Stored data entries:
- - - -

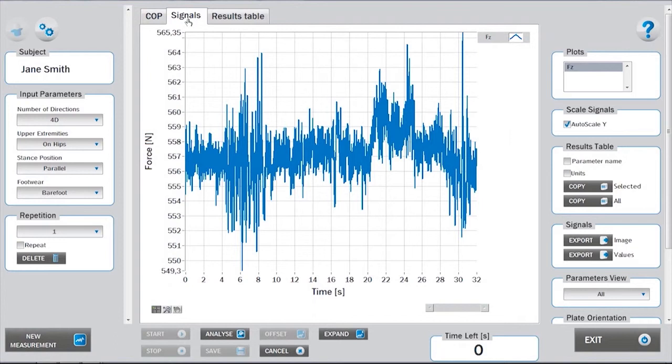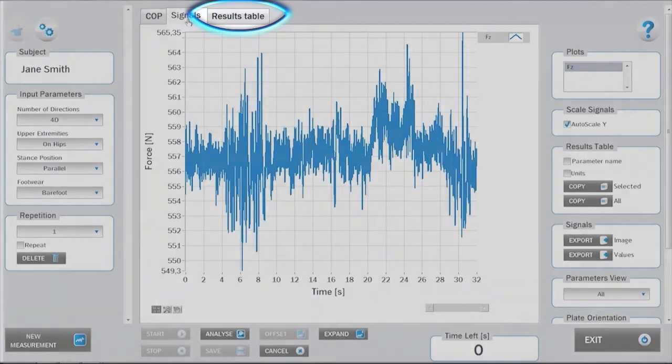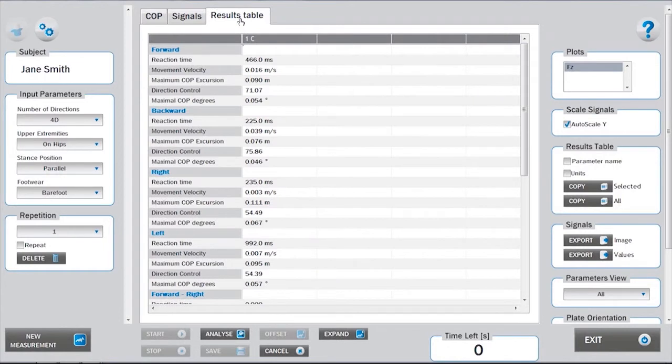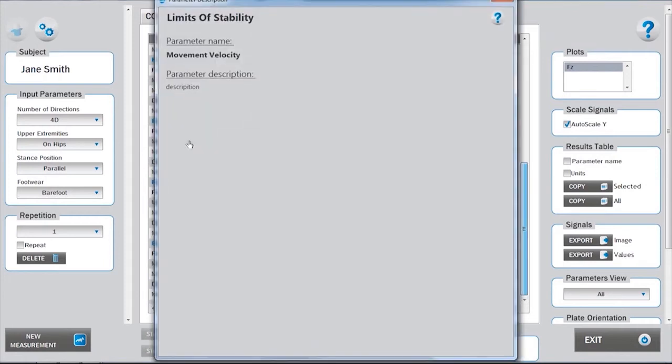The data from the analysis can be viewed under the Results table tab. The results parameters are divided into different groups separated by blue headings. A more thorough description of the parameters can be accessed by right-clicking on the parameter name.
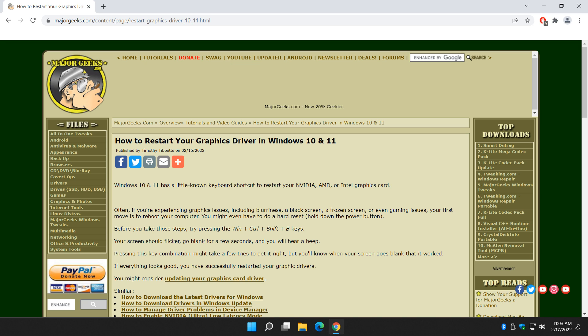Hey there Geeks, Tim with MajorGeeks.com. Today we have a quick tip for you: how to restart your graphic drivers in Windows 10 or 11.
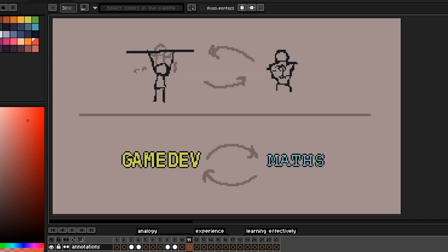Just like how muscles aren't required for exercising, but are built through exercising, and are used in exercising. I believe math skills aren't required for gamedev, but something you build through it.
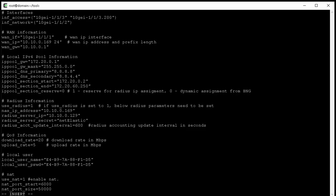Next is the WAN section. Here we set the WAN interface, WAN IP and the WAN gateway. In the LAN section, we need to set up the gateway, gateway mask, primary and secondary DNS and also we need to specify the IP section, start IP address and end IP address.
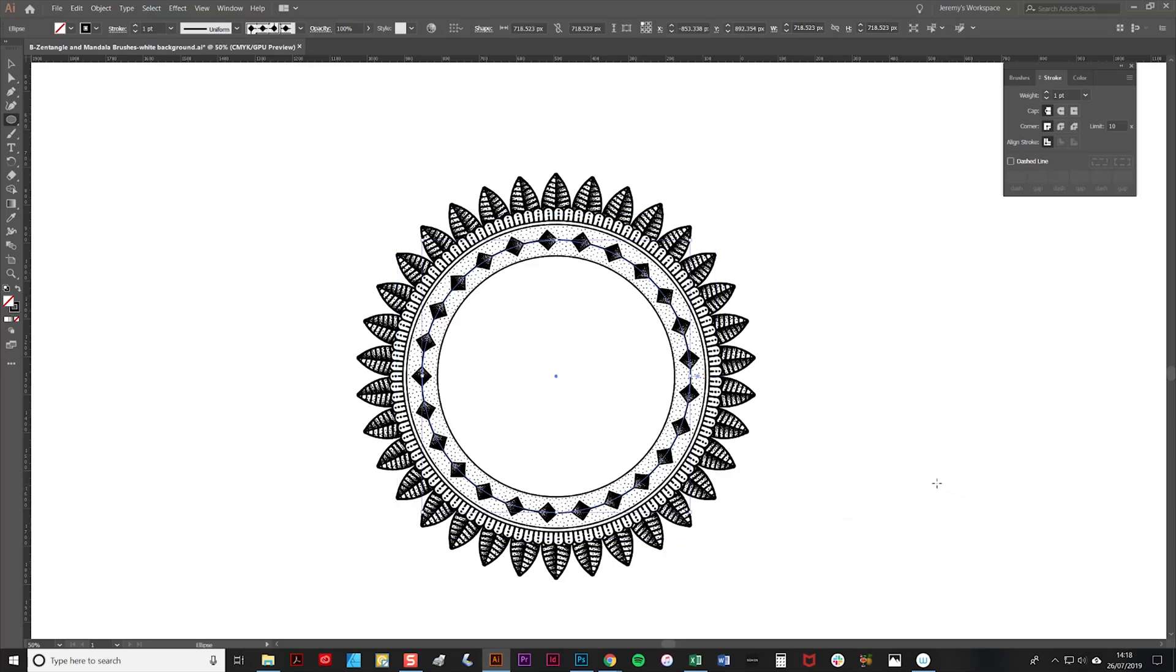It's starting to look like a proper mandala now. It's just a case of repeating those steps: simply copying your circles, placing them on top, shrinking them down, changing the brushstroke to a different one.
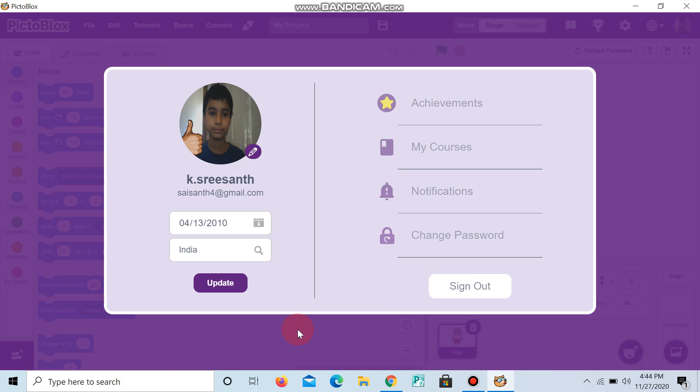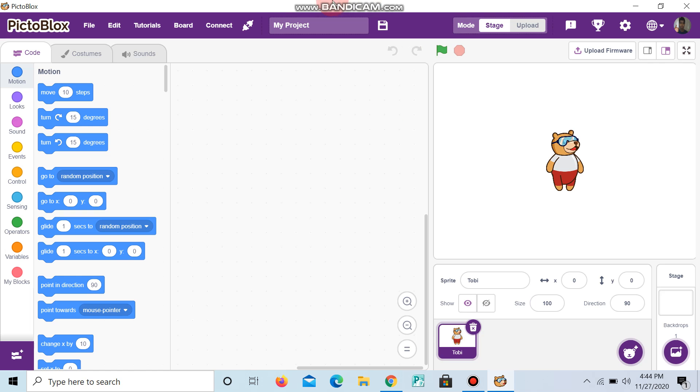Thank you for seeing this video guys. If you like this video, like it, share it, and don't forget to subscribe to our channel Sasuke Coding. And add a comment about this video. Thank you guys.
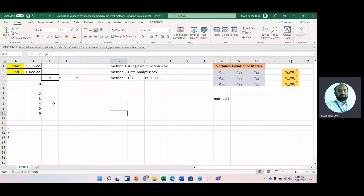In today's lecture, we will learn how we can form various covariance matrices by using three different methods.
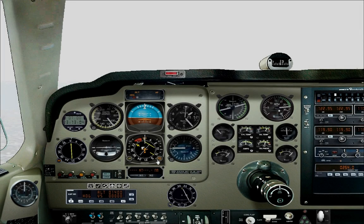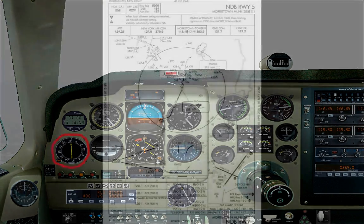Welcome to this how-to fly an NDB approach video. The only instrument you need for this very basic non-precision approach is the ADF, or automatic direction finder. There are two kinds of ADFs, and the one we're using today is called a fixed card ADF. It's the less convenient one to use, as you have to move the card yourself on turns, and you'll see what that means shortly.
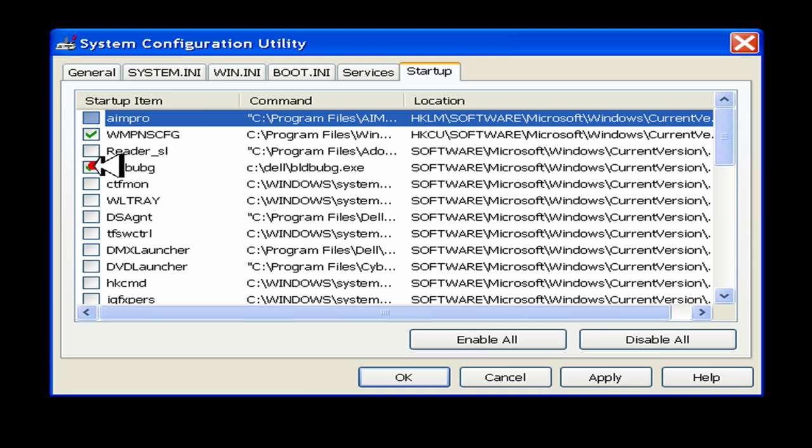If you want a program to start, check the box. If you want to disable it, uncheck the box.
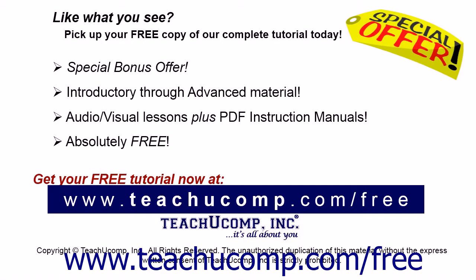Like what you see? Pick up your free copy of the complete tutorial at www.teachyoucomp.com forward slash free.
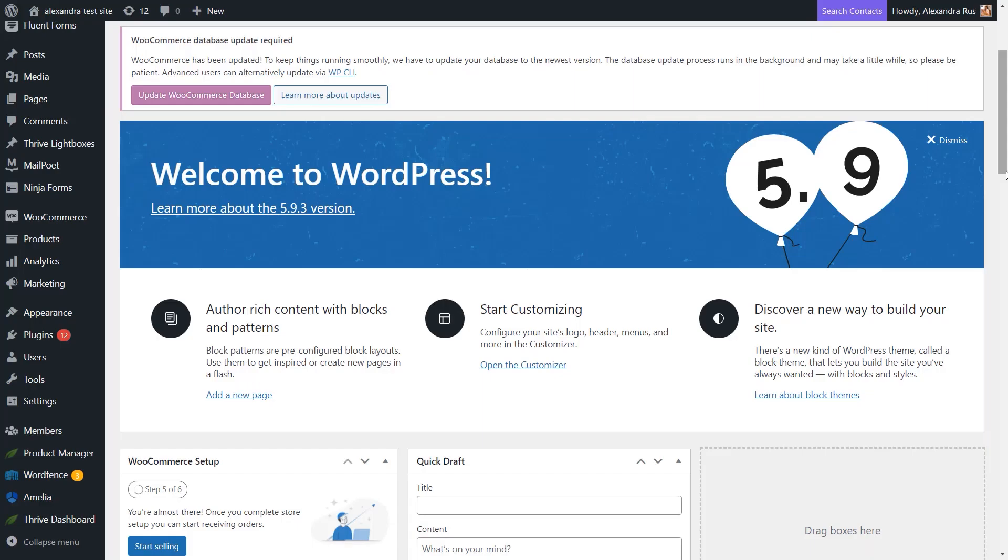Hi, and welcome to a new Thrive Theme Builder tutorial. Let's see this time how you can add a new page template.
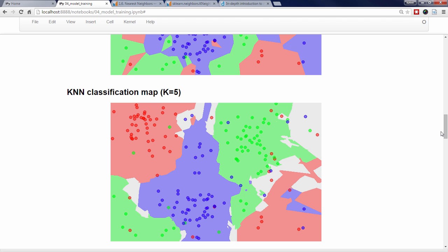Finally, we have a KNN classification map in which the k value is 5. You can see that the boundaries between colors, known as decision boundaries, have changed because more neighbors are taken into account when making predictions. The predicted response for a new observation here is blue instead of green because four of its five nearest neighbors are blue. The white areas, by the way, are areas in which KNN can't make a clear decision because there's a tie between two classes.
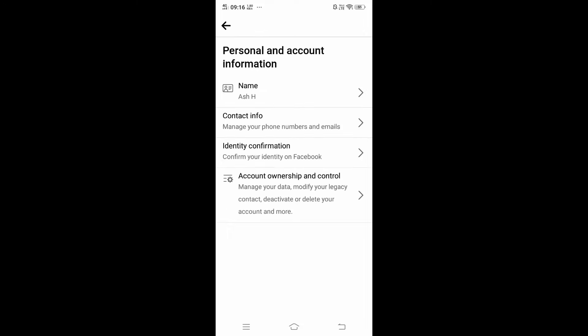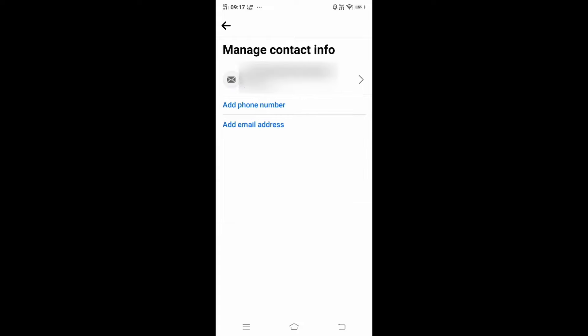In this you will be having Contact Info as the second option: Manage your phone number and emails. Just click that and here you will be able to see your email ID that is being currently linked or used to login in your Facebook account.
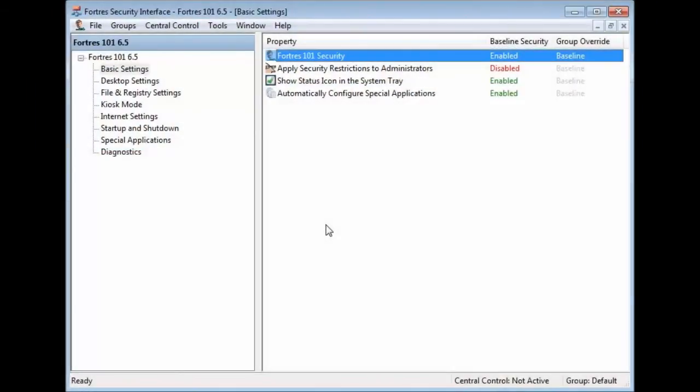Hello, this is Ryan with Fortress Grand and today we're going to be going over the difference between the All Groups Baseline tab and the Individual Groups Override tab.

- - - -

• **What to do**:
Quote the records above exactly, from the first line through the line containing "If you want a", and leave out the pictures.

• **Solution**:
The data from the analysis can be viewed under the Results table tab. The results parameters are divided into different groups separated by blue headings. A more thorough description of the parameters can be accessed by right-clicking on the parameter name.
Hey there Geeks, Tim with MajorGeeks.com. Today we have a quick tip for you: how to restart your graphic drivers in Windows 10 or 11.
Just like how muscles aren't required for exercising, but are built through exercising, and are used in exercising. I believe math skills aren't required for gamedev, but something you build through it.
Next is the WAN section. Here we set the WAN interface, WAN IP and the WAN gateway. In the LAN section, we need to set up the gateway, gateway mask, primary and secondary DNS and also we need to specify the IP section, start IP address and end IP address.
It's starting to look like a proper mandala now. It's just a case of repeating those steps: simply copying your circles, placing them on top, shrinking them down, changing the brushstroke to a different one.
Thank you for seeing this video guys. If you like this video, like it, share it, and don't forget to subscribe to our channel Sasuke Coding. And add a comment about this video. Thank you guys.
In today's lecture, we will learn how we can form various covariance matrices by using three different methods.
Welcome to this how-to fly an NDB approach video. The only instrument you need for this very basic non-precision approach is the ADF, or automatic direction finder. There are two kinds of ADFs, and the one we're using today is called a fixed card ADF. It's the less convenient one to use, as you have to move the card yourself on turns, and you'll see what that means shortly.
If you want a program to start, check the box. If you want to disable it, uncheck the box.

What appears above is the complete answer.